The focal point of the exhibit is a large folding screen from the sixteenth century by Kaiho Yosho. The screen, which stretches the length of the gallery and depicts a shoreline, is strikingly modern. The faint ink wash abstracts the landscape into a state of constant disappearance, and the few concrete objects that interrupt it bleed into Rorschach-esque blots.
The oldest piece in the exhibit is a fourteenth-century hanging scroll titled “Poetry Contest between Poets of Different Eras.” The scroll depicts an imaginary dialogue between Prince Motoyoshi of the Heian period (794 to 1185) and the famous poet Fujiwara no Teika of the Kamakura period (1185 to 1333).
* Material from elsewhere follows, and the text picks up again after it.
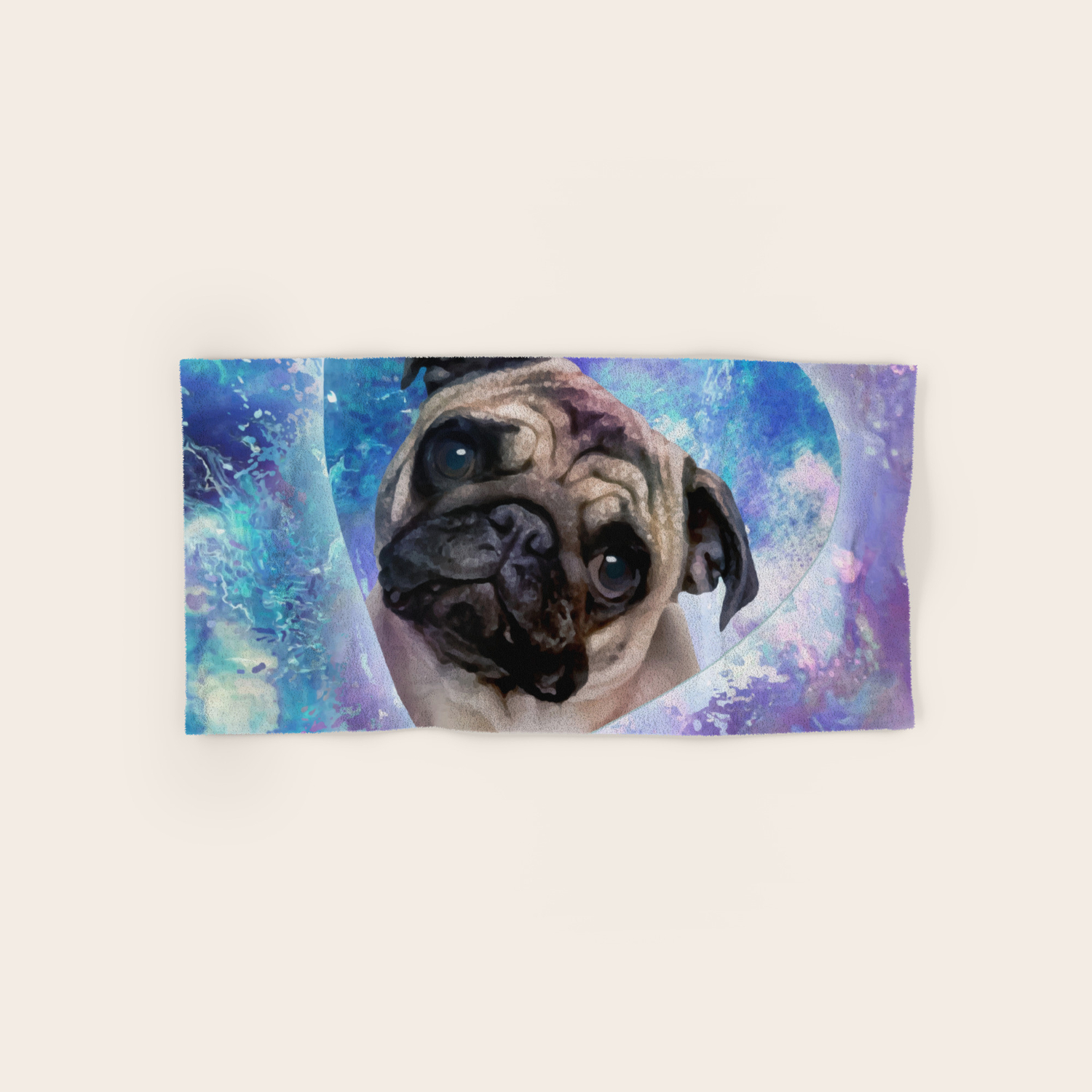 pug hand towels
The scroll is one of a series of 50 such scrolls that depict similar dialogues between Japanese luminaries.
Other pieces featured in the exhibit include “Death of Sakyamuni Buddha,” a painting of the Buddha entering the state of nirvana, and “Old Pine and Crested Mynas,” a playful nature scene. “Japanese Painting and Calligraphy: Highlights from the Collection” is free and can be viewed in gallery 232 of the St. Louis art museum until February 12.